News News: Faster, Fewer Flamewars - pg
http://ycombinator.com/newsnews.html#29apr09
======
DanielBMarkham
I'm skeptical of the exponential delay -- seems like another way of saying "if
you're in a drawn-out conversation with somebody, take it somewhere else
because you're boring us"

Which then limits your options for participating in a controversial subject to
a) doing nothing, and b) making some grand overarching statement and not
caring what comes after it.

Neither of these seem to add to the site.

I understand the desire to prevent emotions from overwhelming posters, but
geez, sounds like throwing the baby out with the bathwater!

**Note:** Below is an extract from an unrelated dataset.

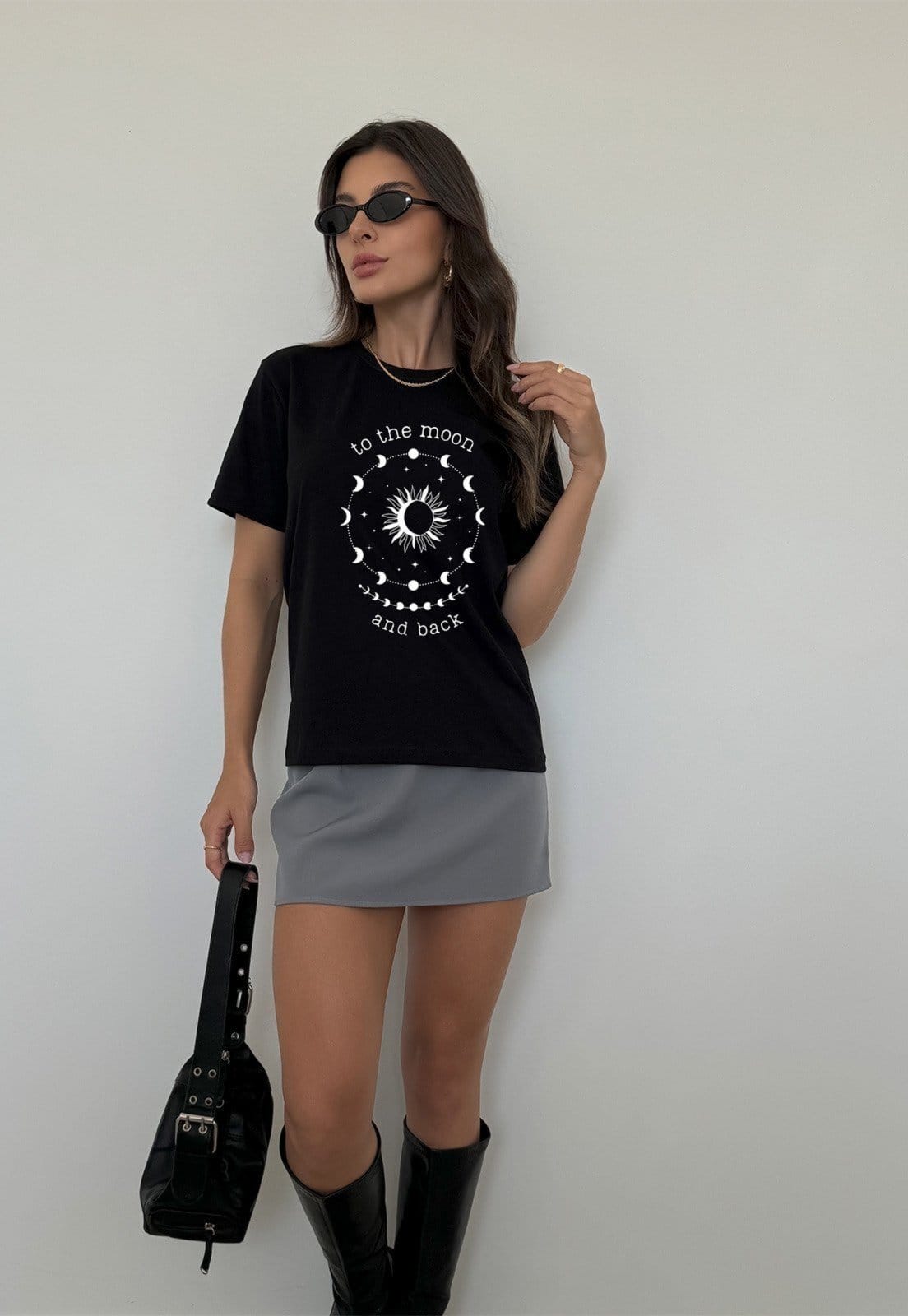 Camiseta Cianitas Preta Estampa To The Moon - 2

I've found that if both sides are honest and stick to an intelligent
conversation, a lot of times you can learn a lot by the time you're about 7
levels in. Most of the time you learn that the two sides, while posturing,
aren't really that far apart.

I like deep threads every now and then. Shows me how people are thinking.
Shows how they react on their feet. Shows the depth of their position (or lack
thereof). Teaches respect for each other and community values.

Flamewars? Not so much. But HN hasn't exactly been a nest of flame-waring, at
least as far as I can see. There are heated discussions, they blow over, then
life moves on.

But hey, not my call. I hope this works out the way you want, Paul! I'm always
willing to see how an experiment works out. After all, I was one of the
original orange members. (or was it red?) : )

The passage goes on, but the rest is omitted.